**Recorded information:**
:::::

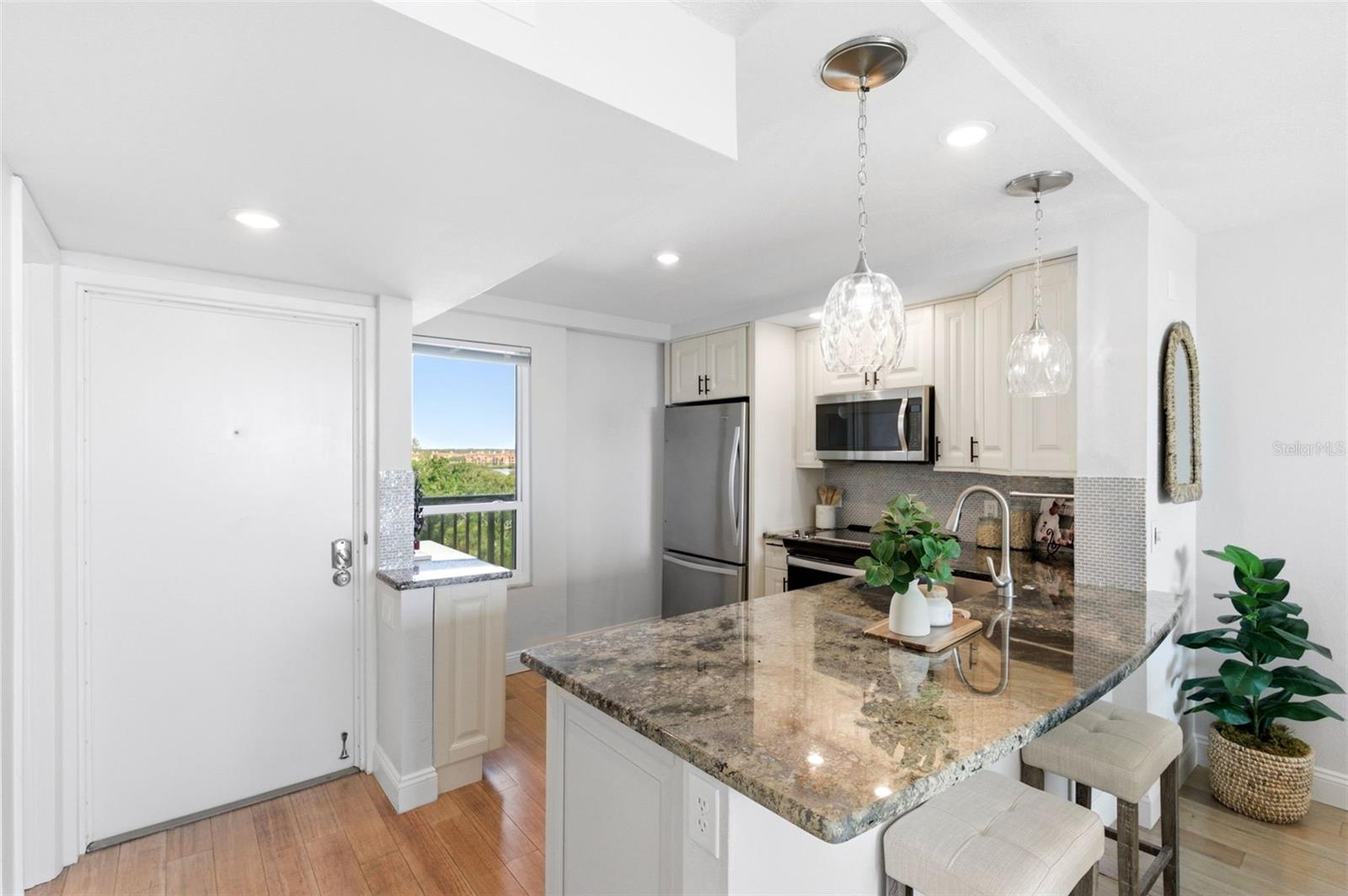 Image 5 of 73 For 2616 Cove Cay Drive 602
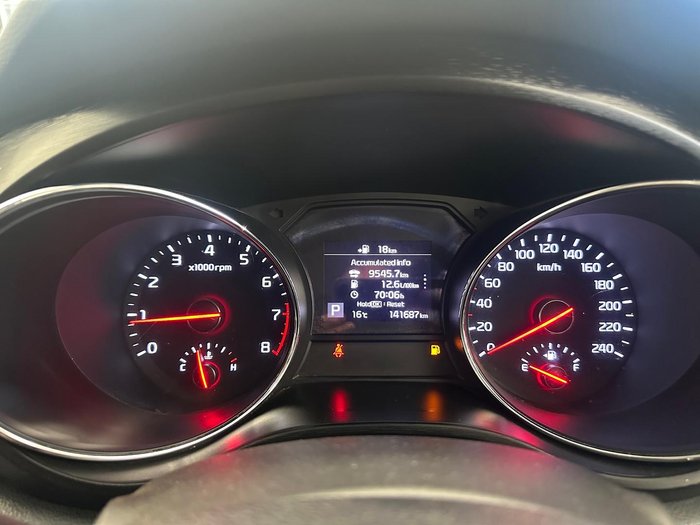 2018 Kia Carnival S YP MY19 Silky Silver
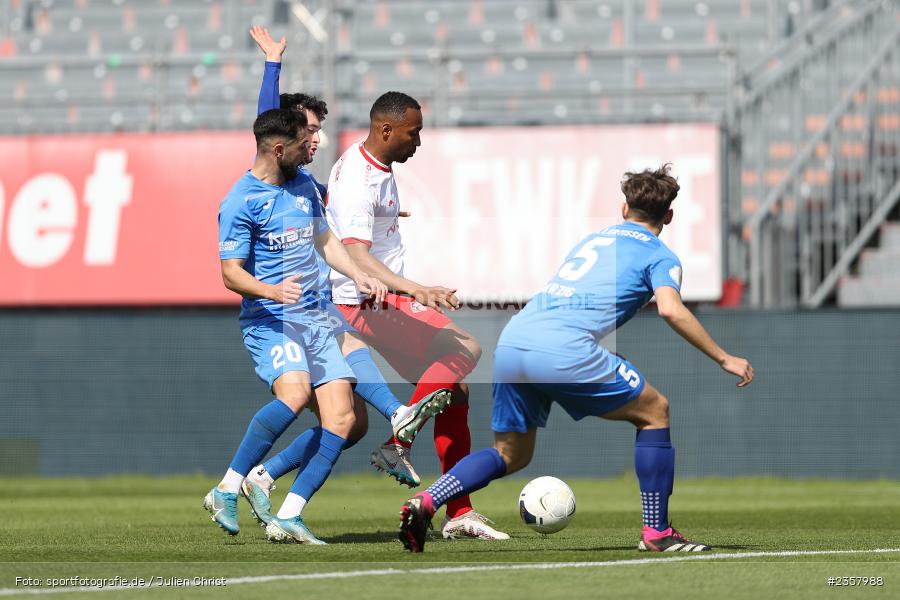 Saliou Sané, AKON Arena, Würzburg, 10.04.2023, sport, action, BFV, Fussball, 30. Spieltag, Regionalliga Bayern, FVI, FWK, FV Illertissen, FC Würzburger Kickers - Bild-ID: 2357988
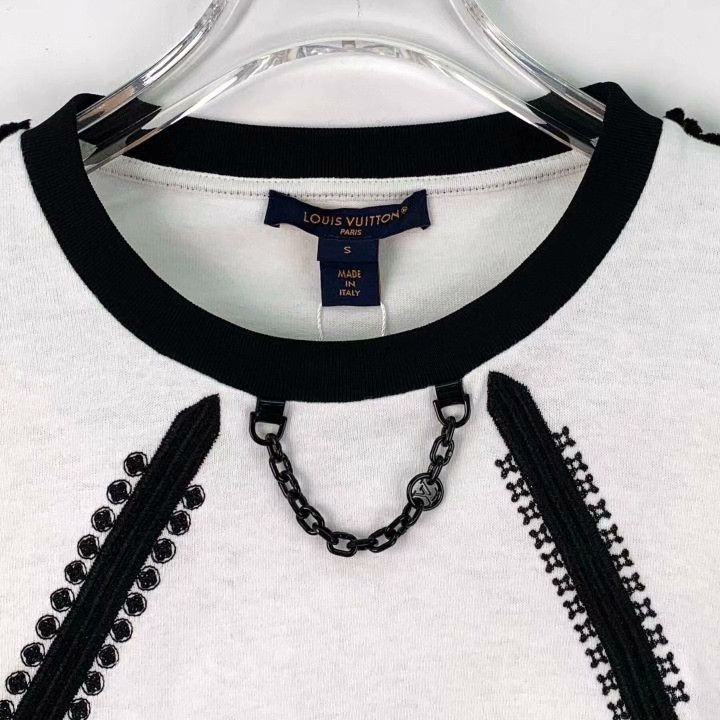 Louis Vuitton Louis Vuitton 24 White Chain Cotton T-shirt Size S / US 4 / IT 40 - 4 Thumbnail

:::::

**What needs to be done:** Exact copy, no pictures: reproduce the whole listing above.

**Written response:**
 Image 5 of 73 For 2616 Cove Cay Drive 602
 2018 Kia Carnival S YP MY19 Silky Silver
 Saliou Sané, AKON Arena, Würzburg, 10.04.2023, sport, action, BFV, Fussball, 30. Spieltag, Regionalliga Bayern, FVI, FWK, FV Illertissen, FC Würzburger Kickers - Bild-ID: 2357988
 Louis Vuitton Louis Vuitton 24 White Chain Cotton T-shirt Size S / US 4 / IT 40 - 4 Thumbnail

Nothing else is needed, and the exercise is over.